C’est alors que le législateur de cette religion si remarquable par la force d’expansion qu’elle a possédée en Orient commença à être vraiment connu. Depuis le moment où M. Eugène Burnouf se fit en France le révélateur des doctrines de Çâkyamouni, le sentiment de curiosité éveillé par l’admirable ouvrage qui accompagne la traduction du Lotus de la bonne loi ne s’est pas ralenti : M. Foucaux a traduit le Lalitavistâra, biographie légendaire du législateur. Un des hommes qui ont étudié l’Inde avec le plus de charme et de profit, M. Pavie, faisait connaître aux lecteurs mêmes de la Revue le bouddhisme sous un de ses plus curieux aspects, dans l’île de Ceylan[1]. Le savant professeur qui tient au Collège de France la chaire d’histoire, M. Guigniaut, a choisi le bouddhisme pour en faire l’objet de ses leçons.

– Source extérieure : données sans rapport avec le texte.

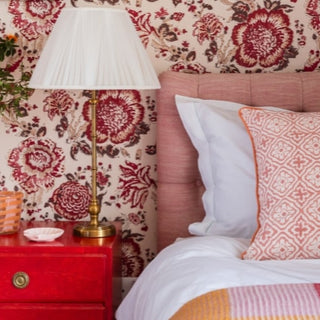 The Art Of Cosy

Enfin un disciple de Burnouf à qui l’importance de ses travaux donne une légitime autorité vient de réunir et de condenser les dernières notions acquises par la science sur le Bouddha et sur sa religion.

Quand on contemple ce grand mouvement de migrations et de mélanges qui est un des signes du XIXe siècle, on est tenté »de se demander si le bouddhisme, qui a tenu et qui tient une si grande place dans le monde, a terminé son rôle, et s’il n’est pas destiné encore

  1. Voyez la livraison du 1er janvier 1854.